At the same time, Amazon’s online sales increased by only 20%. So, with the expectation that growth in the online market space continues to grow at a rapid pace, if the big box retailers continue to grow their online sales at these rates, they could seriously threaten Amazon’s market standing.
Traditional stores fight back
Online shopping is said to be so popular because of the convenience of shopping from home, combined with the lower prices available online. However, when shipping fees are added to the total costs of online shopping, then free in-store pickup of items bought online and collected at brick and mortar stores, could make significant inroads into Amazon’s profit margins.
Also, studies have shown that many people browse online, checking and comparing features and prices and then actually buy the items in-store. Of course, the opposite can be true where customers check out products in stores and then search online for a better price – a practice known as ‘showrooming’.
We have seen that many big box stores have dropped their prices to match Amazon, which in the long run, they hope will knock Amazon off its king of the hill perch.

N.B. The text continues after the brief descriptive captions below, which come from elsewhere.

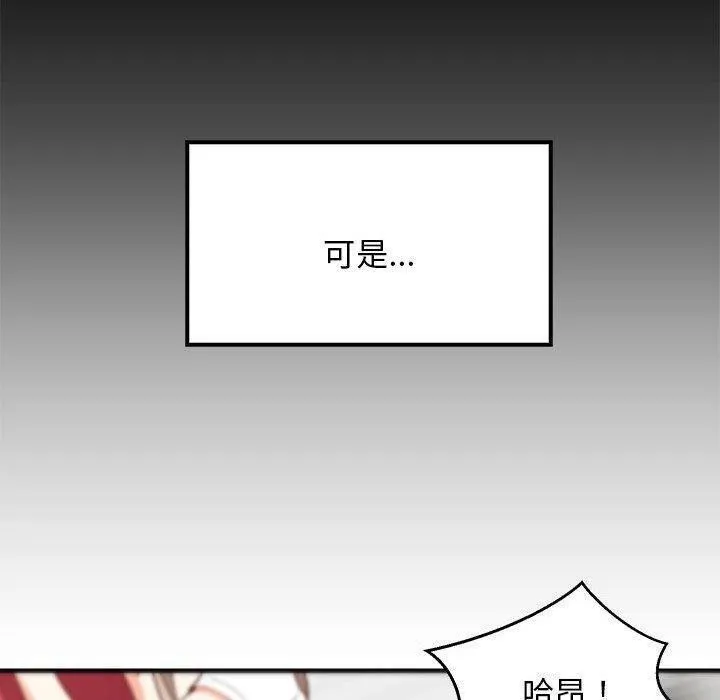 难缠姐妹偏要和我同居 第25話 第20页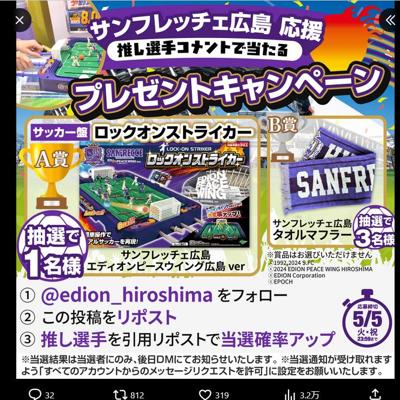 サンフレッチェ広島 エディオンピースウイング広島ver、タオルマフラー　4名 2026年5月5日締切 の懸賞イメージ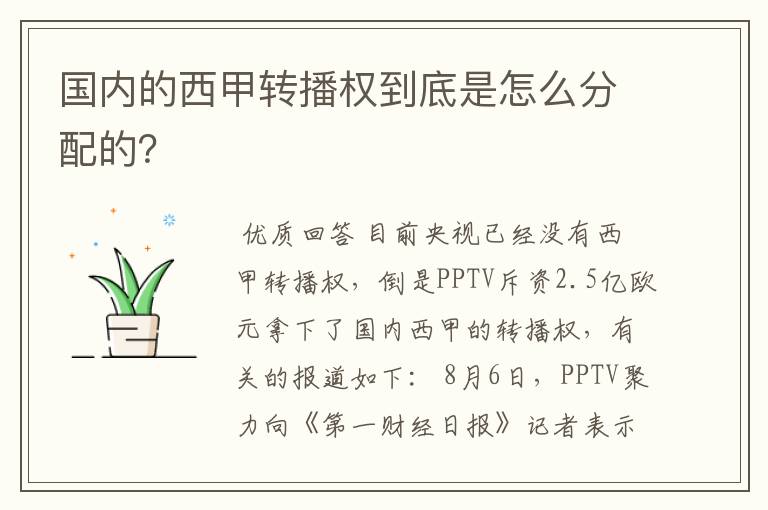 国内的西甲转播权到底是怎么分配的?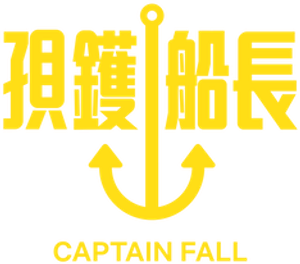 Capitão Fall — Logos 6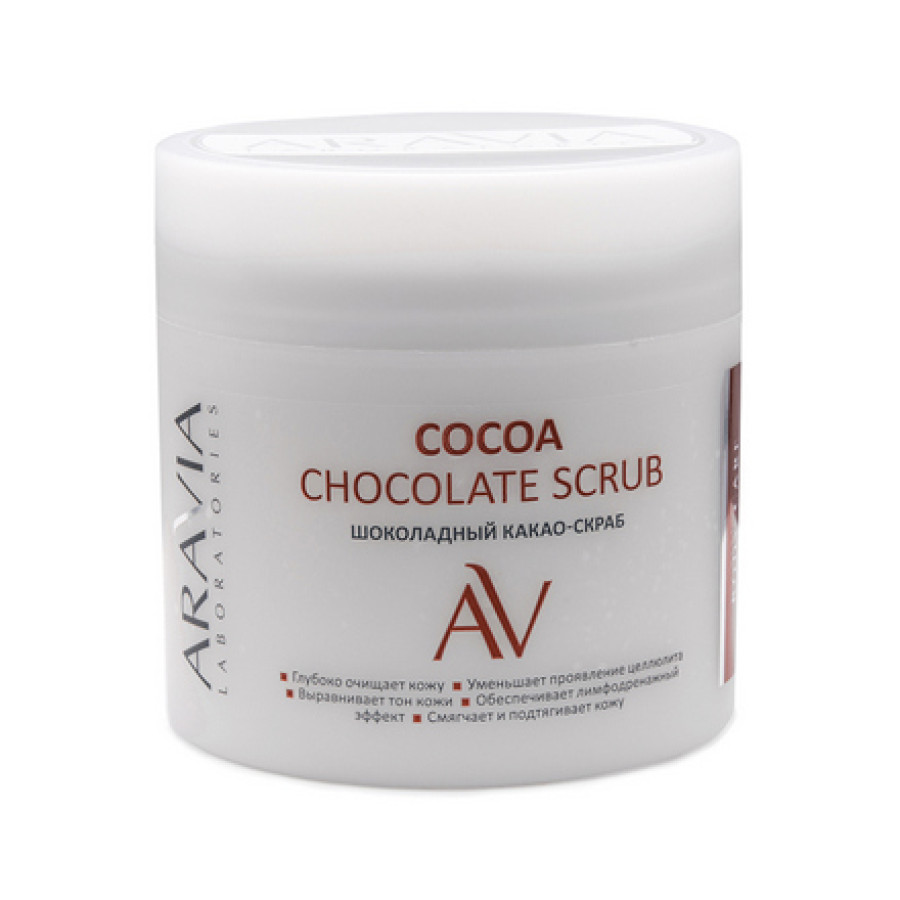 Cкраб для тела Cocoa Chocolate, 300 мл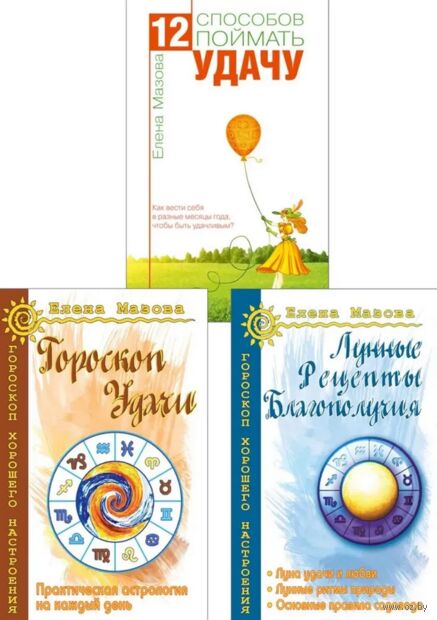 Астрология. Собери удачу по звездам. Комплект из 3 книг — фото, картинка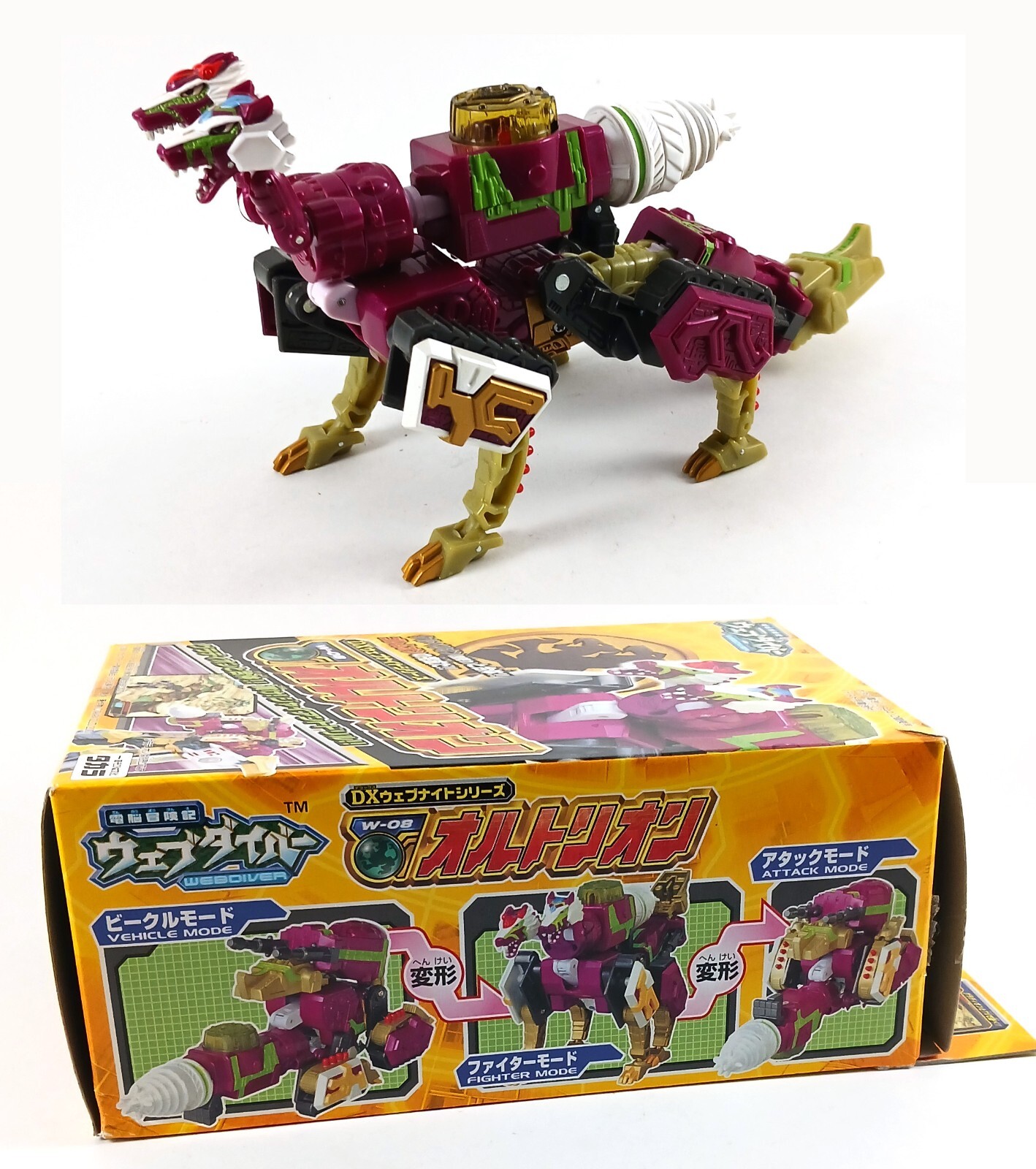 Warriors From Cyborgtron トランスフォーマー 童夢館 sddefault.jpg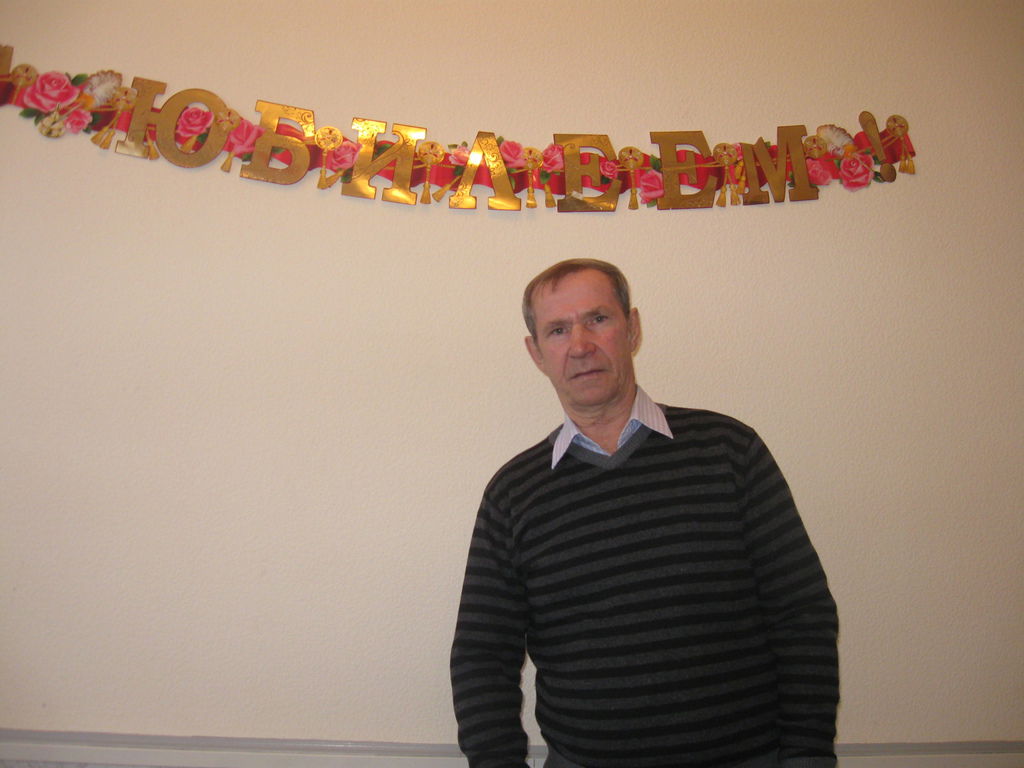 Павел Пашнин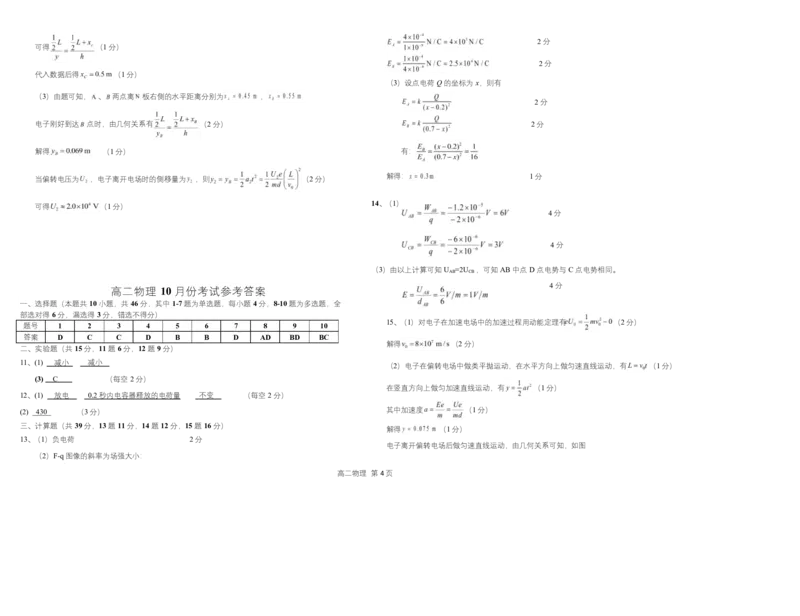 江西省南昌中学三经路校区2025-2026学年高二上学期10月月考试题物理Word版含答案_2025年10月高二试卷_251017江西省南昌中学三经路校区2025-2026学年高二上学期10月月考试题（全）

However, with thousands of distribution centres across the country, Amazon can seriously up the ante with its goal of same day deliveries (even same hour deliveries!). Traditional stores could also match Amazon here, with same day deliveries from stores a viable proposition, particularly by leveraging Google Express.
However, whichever way it goes, the one advantage that the big box stores have over Amazon is that they have a physical presence and can offer customers something that Amazon can’t – personal shopping experiences, shipping-from-the-store and free in-store pickups.
For people who like to shop in stores, not having to cart their purchases home is a huge benefit and for people who like to shop online, free pickup from their local store is much better than paying for shipping. So big box stores can play in the same pond as Amazon, it all comes down to reading the market.
The future landscape of E-commerce
Big box stores will continue to claw their way into the online sales markets, offering a dual shopping experience, something that Amazon cannot offer. The problem so far has been that the traditional retailers were unprepared for the rapid growth in online shopping and for a business like Amazon to come along and grab all of this new market, and so quickly as well.
Amazon’s profit margins are already low, as it is the only way they can sustain such low prices to customers, so there is a possibility that the more traditional stores could ramp up their efforts and start to beating Amazon dollar for dollar.
It might take a while and it may never happen, but the deal is not done yet and many big box stores like Walmart are in it for the long haul.